How many people are paid to work on Nix/Nixpkgs?

blaggacao · July 29, 2020, 2:53am

Btw if anyone can lift me past the hurdle for making nix-review more useful…
https://github.com/Mic92/nixpkgs-review/pull/117#issuecomment-665389853

It’s kind of blocking my attempt to make the PR templates more user friendly and add more automatism - for the occasional leaf packages only.

ryantm · July 29, 2020, 3:36am

I look at every r-ryantm PR and read all the comments on them, and I think probably about 5 to 15% of them are bad in some way. The issues include: dependency changes, runtime breakages, important reverse dependencies failing, Darwin/ARM failures, needing to be updated as part of a group, already part of another more comprehensive PR, etc.

I think it really does take human knowledge and intuition to decide if they are okay to merge.

I could see this changing if we had more package level tests. For example, I’d expect it to be safe to auto-merge one where the package and all its reverse dependencies had tests and the tests passed.

Ryan

abathur · July 29, 2020, 6:56am

Yeah. I’ve wished we had a way to nudge people using under-tested packages for test cases (and for them to submit, and for us to collect…)

doronbehar · July 29, 2020, 8:35am

Personally, for all the packages I maintain, I’ve added sanity checks so I’d be able to stay confident that @r-ryantm’s PRs haven’t broken anything (e.g this).

I once sketched in my head a policy we could adopt, where packages could hold a meta field that will enable PRs automatically merge by ofborg once they pass it’s tests along with @r-ryantm’s reverse dependencies tests. Thus maintainers would hopefully be encouraged to add this meta field as long is there’s an appropriate check phase of some sort.

RFC 50 wanted to address that but it got stall because of disagreements upon the kind of policy the bot would implement.

Even in the current state, we are ranked as the top updated repo at repology. Thanks @ryantm .

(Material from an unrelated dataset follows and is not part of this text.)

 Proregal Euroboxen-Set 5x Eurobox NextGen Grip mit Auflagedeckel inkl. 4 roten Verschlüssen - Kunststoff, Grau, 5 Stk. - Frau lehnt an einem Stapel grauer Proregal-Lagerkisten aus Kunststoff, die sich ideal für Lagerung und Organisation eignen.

danieldk · July 29, 2020, 8:48am

I don’t know. This gives upstream maintainers more or less the power to directly push into nixpkgs by creating a tag. It only requires one malicious actor or compromised GitHub account to push a backdoor or trojan into nixpkgs.

When reviewing PRs I try to (where humanly possible) do a diff between upstream versions to quickly glance if there are no fishy things going on. I also run binaries in a very restrictive bubblewrap sandbox to check if they attempt require strange things (I also plan to automatically extract a list of accessed paths, attempted connections, etc.).

I think there should be a human in the loop, so that the chance to catch something malicious (or just a stupid error) is increased.

IMO this is one of the tasks of a Linux distribution, to ensure that the users get vetted, working, packages. If that is not doable anymore, then perhaps we are packaging more than we can manage.

I completely agree that it would be great if maintainers could merge PRs against their packages. I think this speeds up the process and will keep more maintainers around, since they are more empowered to actually maintain their packages.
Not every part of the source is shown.